He dicho que la Iglesia de Nuestra Señora de la Asunción es el centro neurálgico de Almonte, y esto es muy palpable si uno llega desde el este por la A-474, porque esta carretera prácticamente sigue una línea recta en sus últimos kilómetros, mientras se acerca al pueblo, y al convertirse en vía urbana continúa siendo rectilínea, hasta que alcanza la Plaza de la Virgen del Rocío, que se encuentra situada en el meollo de la población, y que alberga la iglesia. Eso sí, todo ese segmento urbano tiene dos tramos bien diferenciados. En el primero, la calle está asfaltada y se denomina Calle Padre José Antonio Domínguez Bejarano.
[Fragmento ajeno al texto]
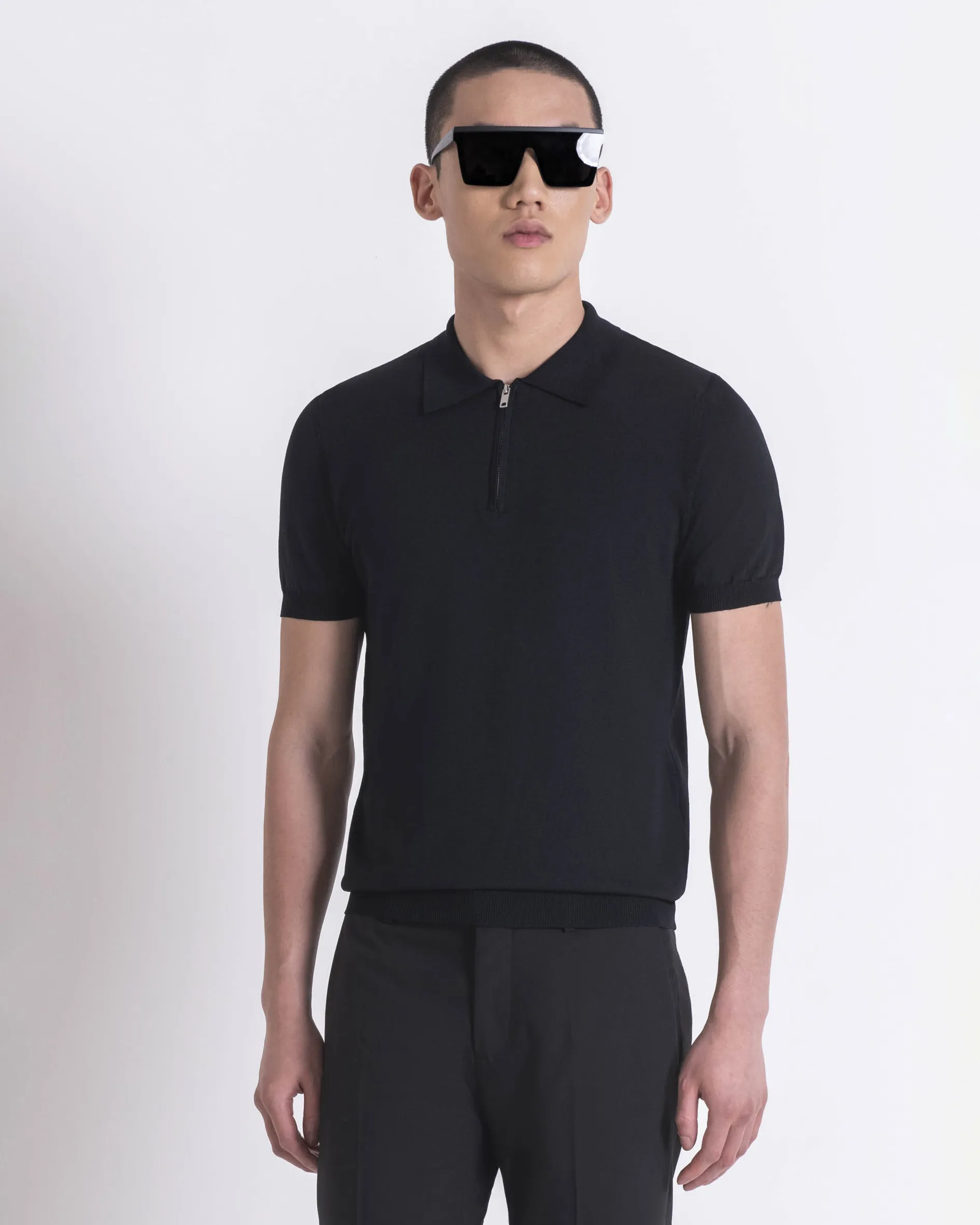 Polo nera in viscosa super slim-fit con apertura zip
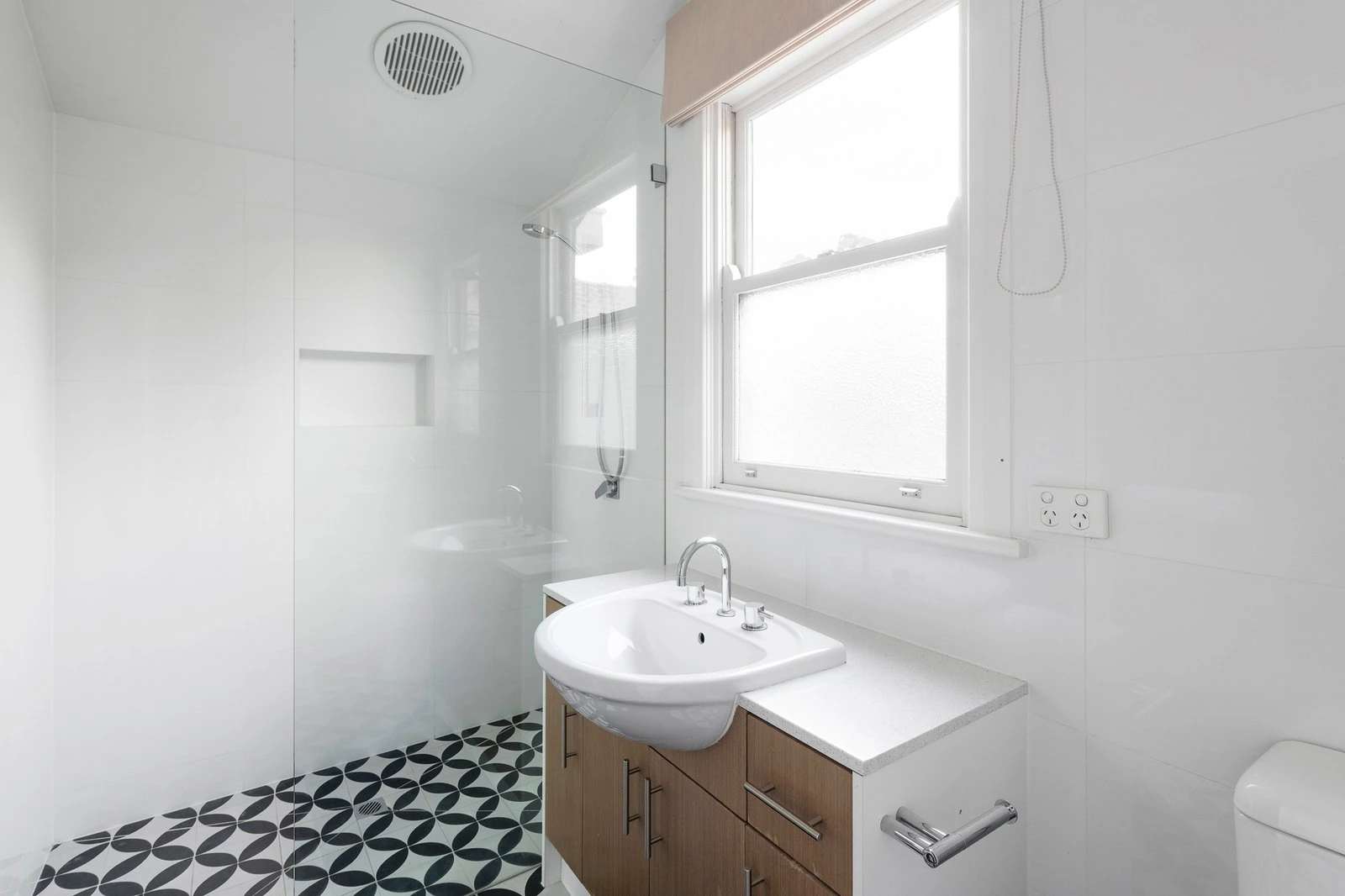 6 Iona Avenue, Brighton, 3186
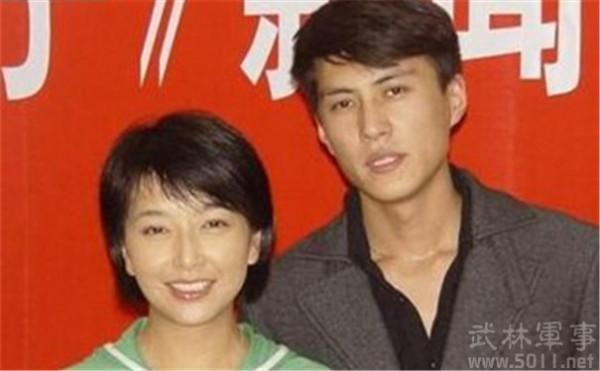 勒东妻子 演员靳东个人资料家庭背景 靳东现实生活中的妻子 图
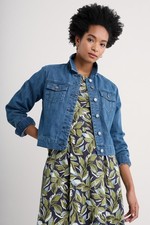 Seasalt Women's Regular Levan Well Denim Jacket Mid Wash Rain Slub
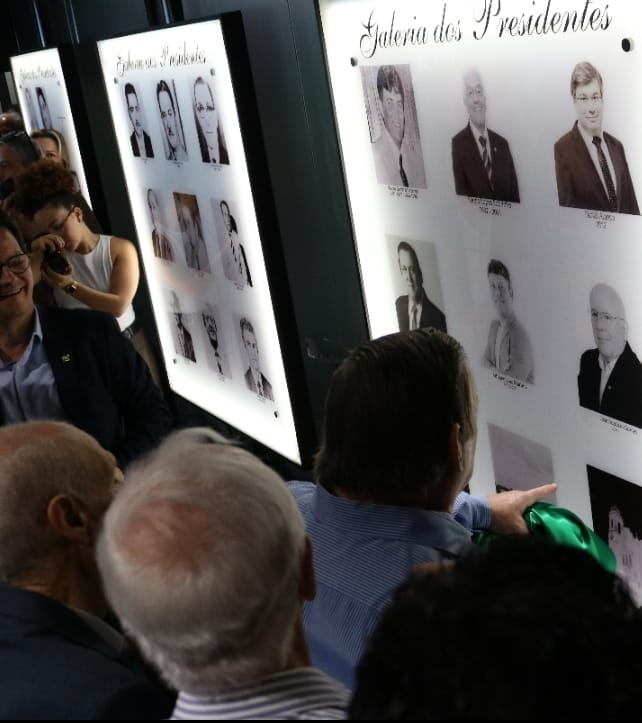 No momento, você está visualizando Acim 92 Anos: dirigente e colaboradores são homenageados nas galerias de presidentes, dirigentes e colaboradores. Confira !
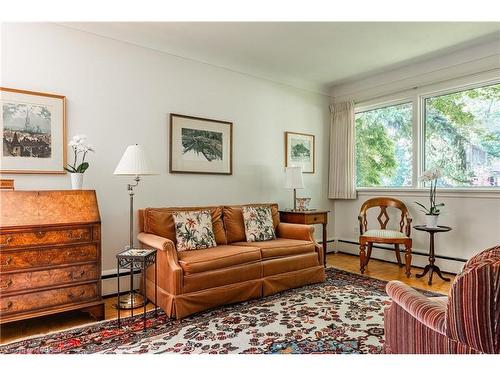 310 Simcoe St, Niagara-On-The-Lake, ON - Indoor Photo Showing Living Room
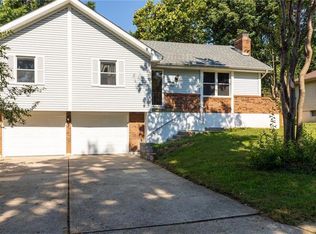 3512 NE Stanton St, Lees Summit, MO 64064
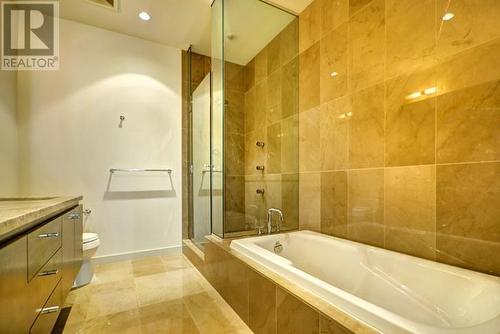 1179 W Cordova Street, Vancouver, BC - Indoor Photo Showing Bathroom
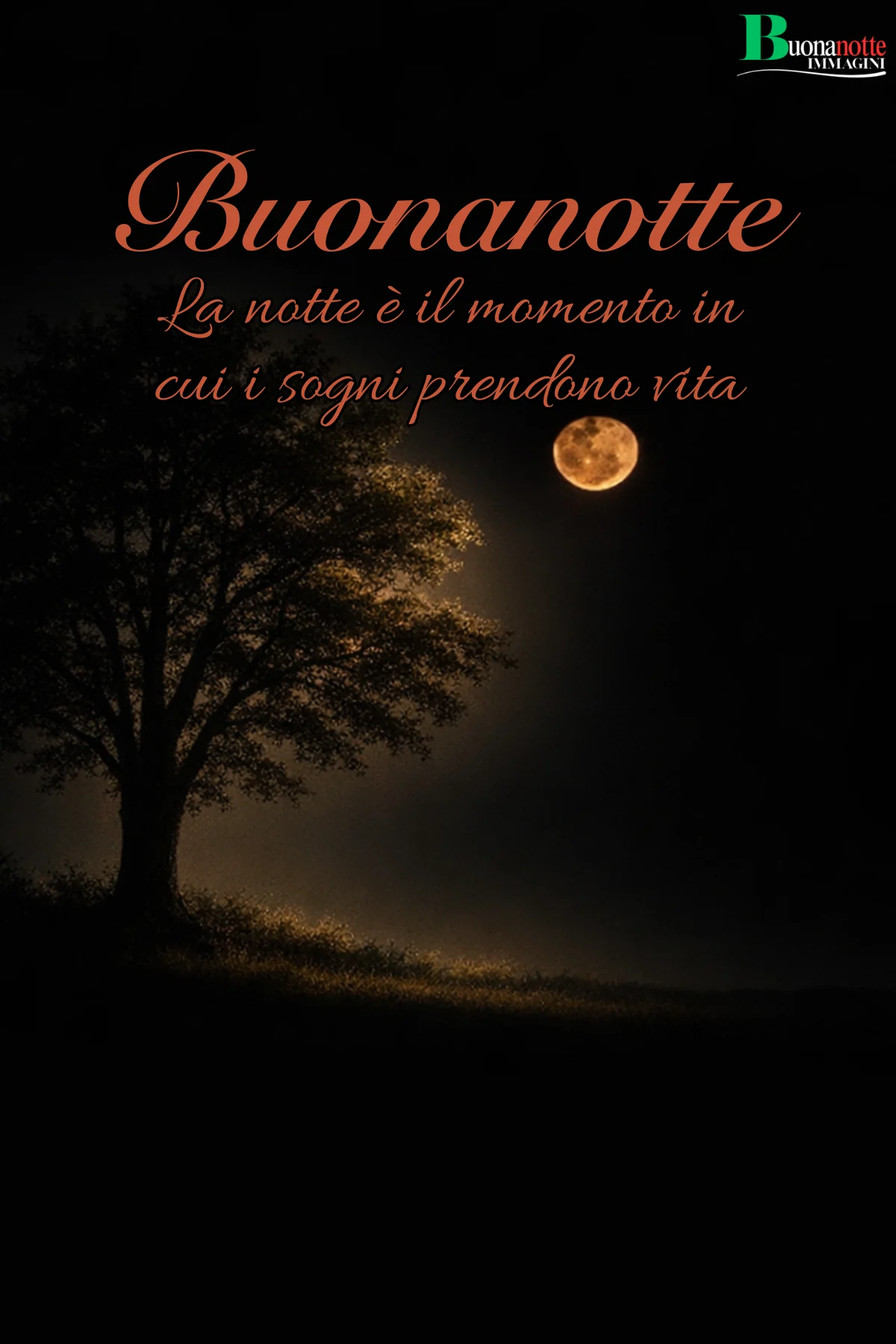 Luna piena ambrata dietro albero nella notte frasi buonanotte
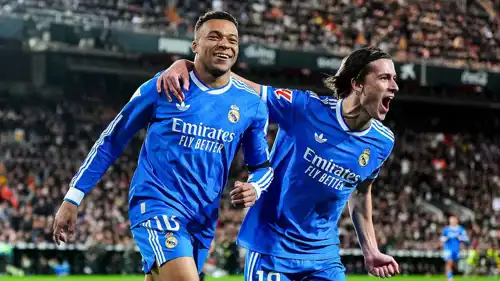 كيليان مبابي يحتفل بالفوز على فالنسيا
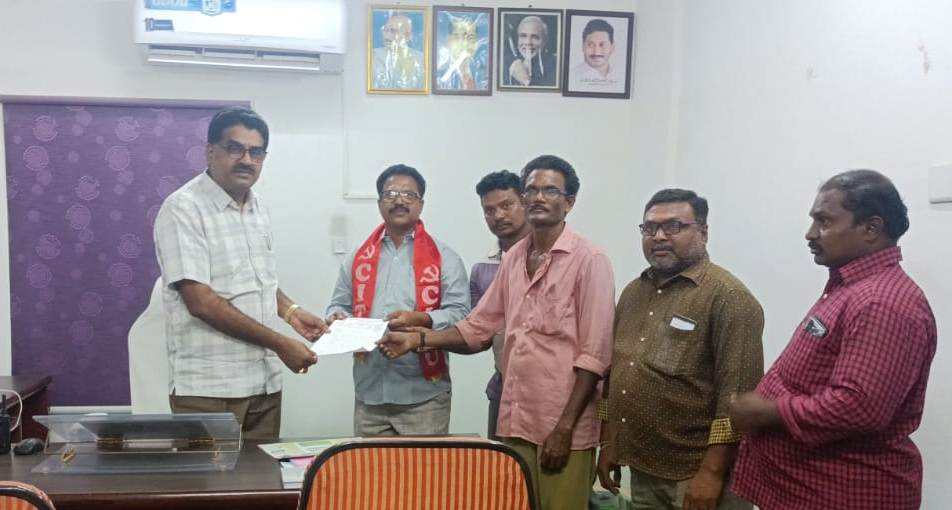 వినతి పత్రం సమర్పిస్తున్న సిఐటియు నాయకులు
No obstante, a partir del ensanchamiento de la Plaza de España, hasta la Plaza de la Virgen del Rocío la vía pasa a llamarse Calle El Cerro, y está adoquinada.


Nosotros aparcamos en la Calle Padre José Antonio Domínguez Bejarano, al poco de entrar en el pueblo. Desde allí, nos dimos un buen paseo, contemplando lo arreglado que se conserva el centro almonteño. En él, las calles tienen un aspecto típicamente andaluz, ya que están flanqueadas por casas de una planta, con la fachada encalada y el zócalo de piedra o de ladrillo. 


Después de la paradita para tomar el aperitivo en La Martina Vinos & Tapas, regresamos al coche y reanudamos la ruta hacia nuestro destino, que era Matalascañas. Allí, aparcamos en el Sector C o Cerceta, donde ya había estado un par de veces. La bajada a la playa en esa zona, cuando no hay apenas gente en la arena, me encanta.


La principal novedad de esta visita a Matalascañas fue, que nos pegamos una larga caminata por la Playa de Matalascañas, hasta que llegamos a la altura de Caño Guerrero. La vuelta, la hicimos por el Paseo Marítimo, partiendo del ensanchamiento que abarca todo el frente costero del Sector P, y que ejerce de epicentro de Caño Guerrero. Desde allí, regresamos al tramo del Paseo que pertenece al Sector C, pasando por los trozos que son parte de los sectores N (Nutria), M (Malvasía) y D (Dehesa de las Marismas). 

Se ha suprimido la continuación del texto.